The Autoencoder Perspective: Reinventing VAE, Diffusion, and Flow Matching

中文版本 (Chinese Version)

In 2006, Hinton’s Science paper “Reducing the Dimensionality of Data with Neural Networks” presented the Autoencoder (AE), a neural network architecture designed to compress high-dimensional data into a compact latent representation before reconstructing the original input. This approach demonstrated superior performance compared to both Principal Component Analysis (PCA) and its nonlinear variant, Kernel PCA.

Training deep networks was unsolved back then, requiring Hinton to use layer-by-layer pretraining with Restricted Boltzmann Machines (RBMs) for his 9-layer autoencoder. Pascal Vincent’s 2008 Stacked Denoising Autoencoders improved on RBMs for initialization, but researchers eventually discovered that simple random initialization worked equally well, making these pretraining methods obsolete.

This blog post takes you on a journey forward from the autoencoder’s inception, tracing how this foundational idea evolved into today’s flourishing generative AI landscape. I’ll explore my hypothesis that the autoencoder provides a unified conceptual framework for understanding the evolution of VAEs, Diffusion Models, and Flow Matching.

Now imagine you’re a researcher in 2006 who decides to reproduce Hinton’s experiment after reading his science paper. You have access to modern tools—PyTorch, AdamW, GPU acceleration—but you’re constrained by 2006’s conceptual understanding of what’s possible.

Step 1: Reproducing Hinton’s Autoencoder (code)
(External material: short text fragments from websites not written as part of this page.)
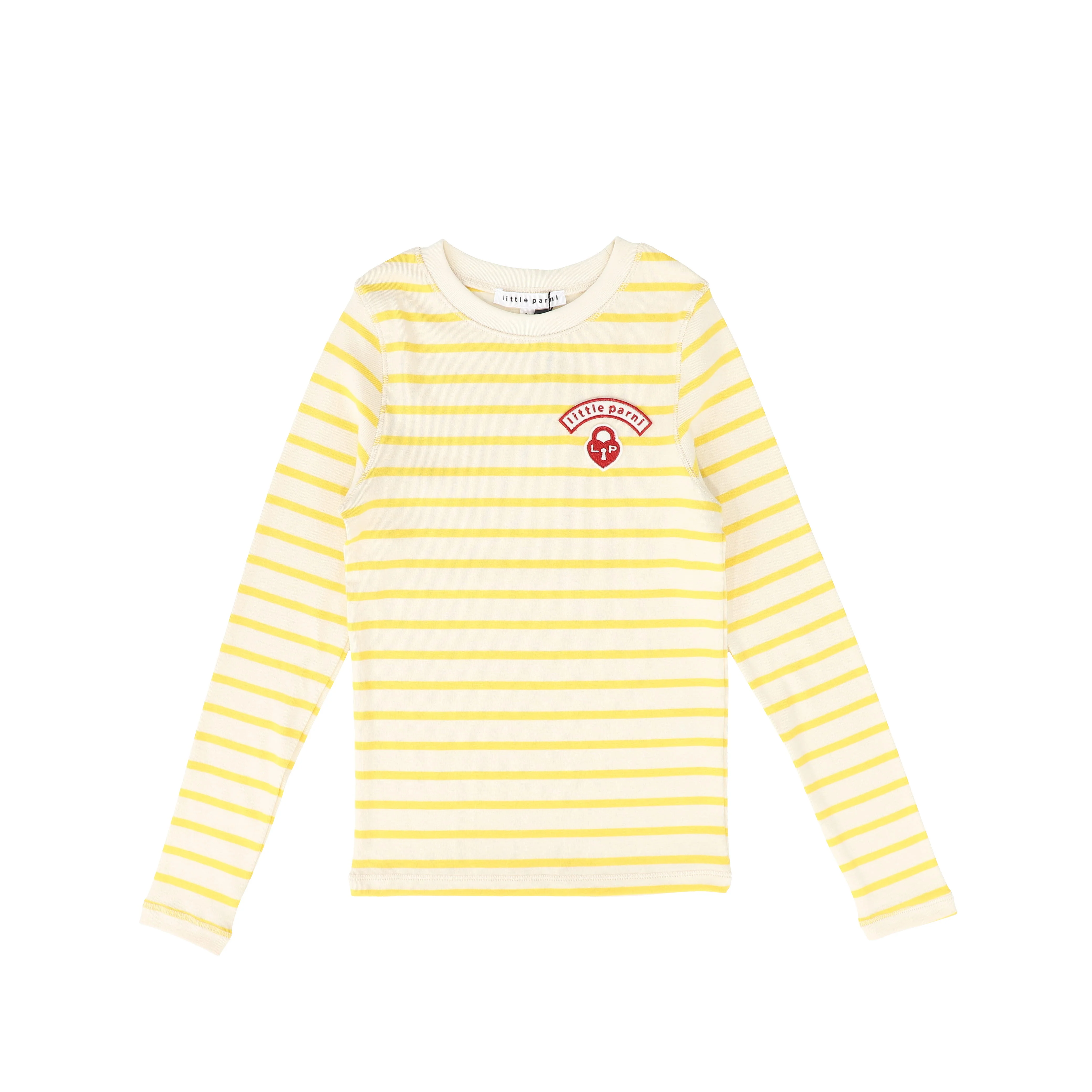 LITTLE PARNI YELLOW WIDE STRIPE T-SHIRT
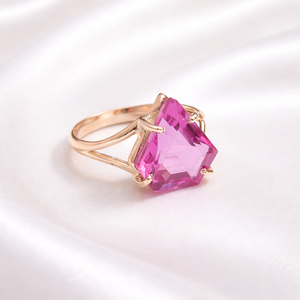 Anillo de Plata de Ley 925 con Topacio Rosa, Chapado en Oro Amarillo y Rosa, Hecho a Mano, Anillo de Piedra Rosa, Anillo Boho Apilable, Anillo de Promesa - Product Image 5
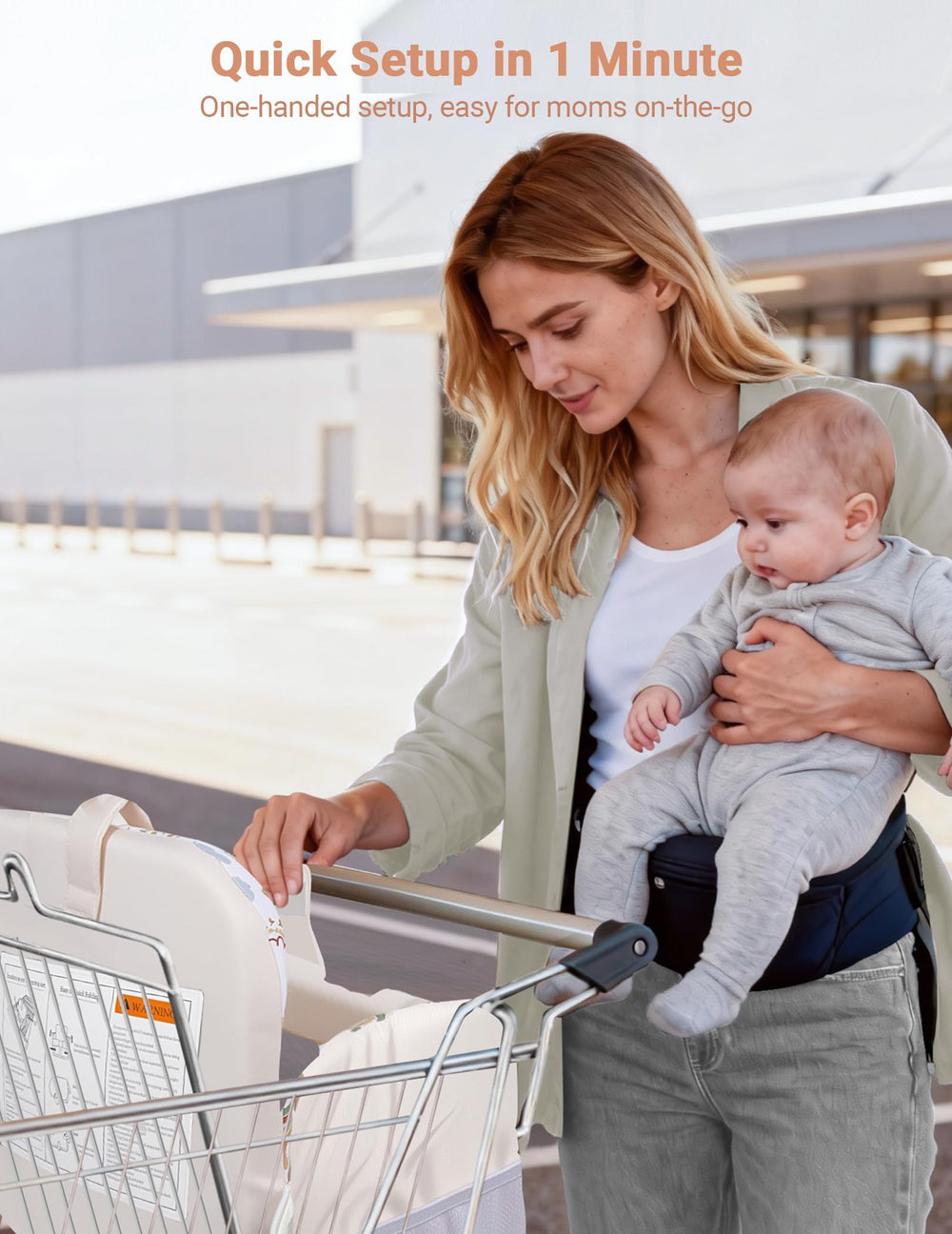 Sprouterie cover demonstrates quick one-hand installation for busy caregivers.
Hinton’s autoencoder has nine layers: 784-1000-500-250-30-250-500-1000-784 neurons, matching MNIST’s 28×28 pixel dimensions at input and output. Using sigmoid activations, MSE loss, and standard optimizations (AdamW, learning rate warmup, gradient clipping), your model achieved a test loss of 3.36 after being trained for 100 epochs on a modest Nvidia 3060 GPU in one minute—close to Hinton’s 3.00 and far better than kernel PCA’s 8.01. The reconstructions are nearly perfect, making further optimization unnecessary. The training time on a 3060 GPU is about 1 minute.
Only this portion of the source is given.